WHAT THE TASK ASKS: When you reach the line that contains "Hampton Grey Fabric", begin copying exactly, and continue through the last line of the data; no pictures belong in the copy.

Short web captions:
━━━━━━
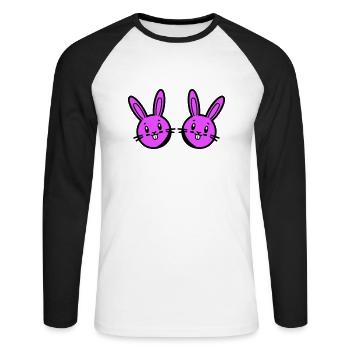 Lapin de Pâques Pâques - T-shirt baseball manches longues Homme - blanc/noir - Devant - Nik (191cm)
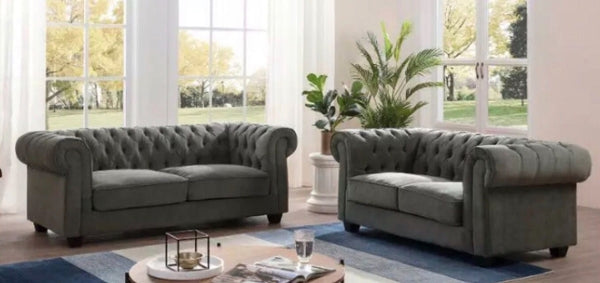 Hampton Grey Fabric Chesterfield Sofa Collection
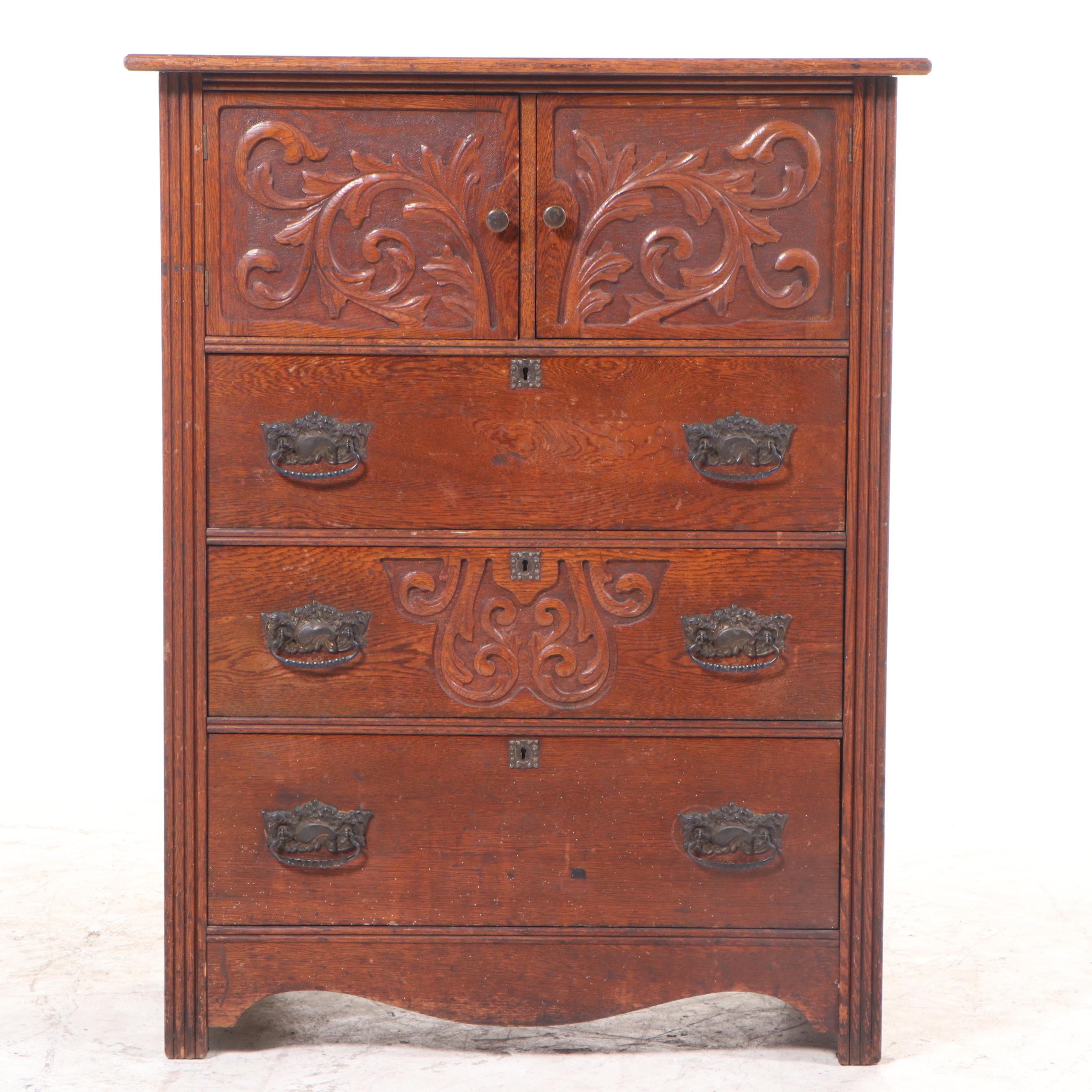 Victorian Carved Oak Chest with Bonnet Cabinet, Late 19th Century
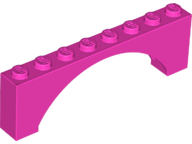 Arch 1 x 8 x 2 Raised, 16577 Dark Pink U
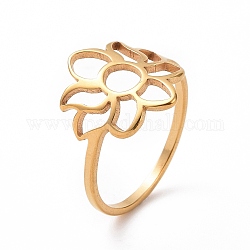 Ионное покрытие (ip) 201 цветочное кольцо из нержавеющей стали, полое широкое кольцо для женщин, золотые, размер США 6 1/2 (16.9 мм)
━━━━━━
ANSWER TO THIS EXERCISE:
 Hampton Grey Fabric Chesterfield Sofa Collection
 Victorian Carved Oak Chest with Bonnet Cabinet, Late 19th Century
 Arch 1 x 8 x 2 Raised, 16577 Dark Pink U
 Ионное покрытие (ip) 201 цветочное кольцо из нержавеющей стали, полое широкое кольцо для женщин, золотые, размер США 6 1/2 (16.9 мм)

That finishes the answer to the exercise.